If you think dentists are scary, ever wondered how good a dentist's costume would be for a Halloween treat? Knowing what all I do as a dentist, I wouldn't have any kid pulling a dental prank on me for sure!

 Whenever you get a root canal treatment (RCT) done, you are always advised to get a cap, or more technically a crown done for the tooth to keep it from falling apart. And it often sounds like "Get the cap treatment done or you will be tricked into more dental treatments". How true is that?  If you are reading this blog hoping I will say otherwise, you have knocked the wrong door.

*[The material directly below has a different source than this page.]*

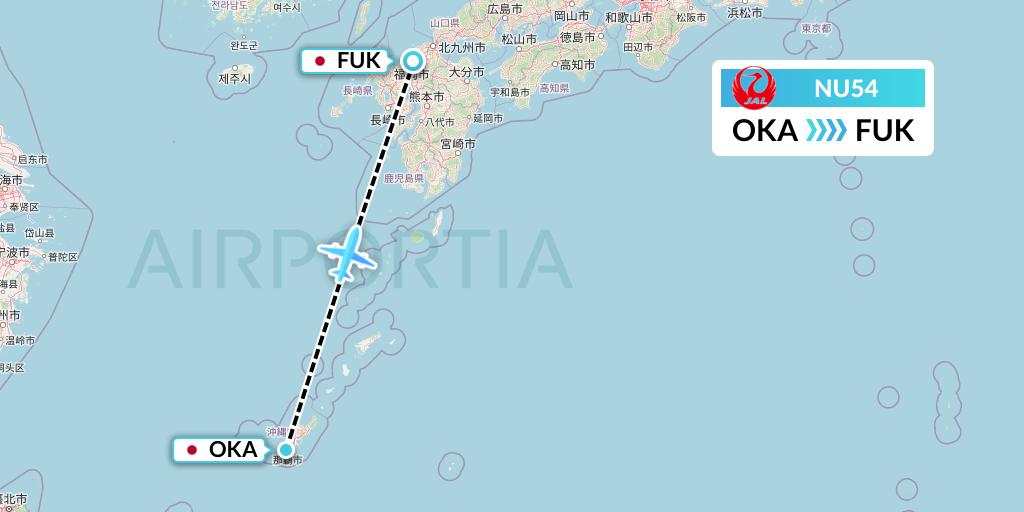 NU54 Japan Transocean Air Flight Map: Naha to Fukuoka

Here are some of the many reasons why you should get a tooth capped after RCT:

  1. The tooth was already weakened by the cavity that made the root canal treatment necessary. Your dentist further drilled a big hole right in the center of the tooth to get to the canals. So your tooth is now basically like a hollow shell, ready to cave in the next time you treat it with popcorn or hard candies. A cap or crown will encase the tooth from the outside and bear all loads. 
    A root canal treated tooth is liable to fracture without a cap or crown because its core structure has been removed. 
  2. When the root canals are cleaned, their blood supply is cut off. This dehydrates the tooth and makes it brittle. 
  3. When the root canals are cleaned, their nerve supply is cut off. This means you are less likely to realize when you are putting excessive pressure on the tooth. 
  4. If a root canal treated tooth fractures, there is little the dentist can do. It needs to be removed and all the time and money spent for your root canal treatment goes in vain. And if you think, losing the tooth is getting rid of the problem once and for all, you are in for more trick or treat! The empty space will, over time, cause shifting of other teeth with more cavities and gum problems. To prevent that, you need a dental implant or a bridge done.
  So, a cap or crown after RCT gives the tooth strength to bite like your natural tooth, longevity to survive like your natural tooth and beauty to look like your natural tooth. The only trick now is in making the right choice for your crown.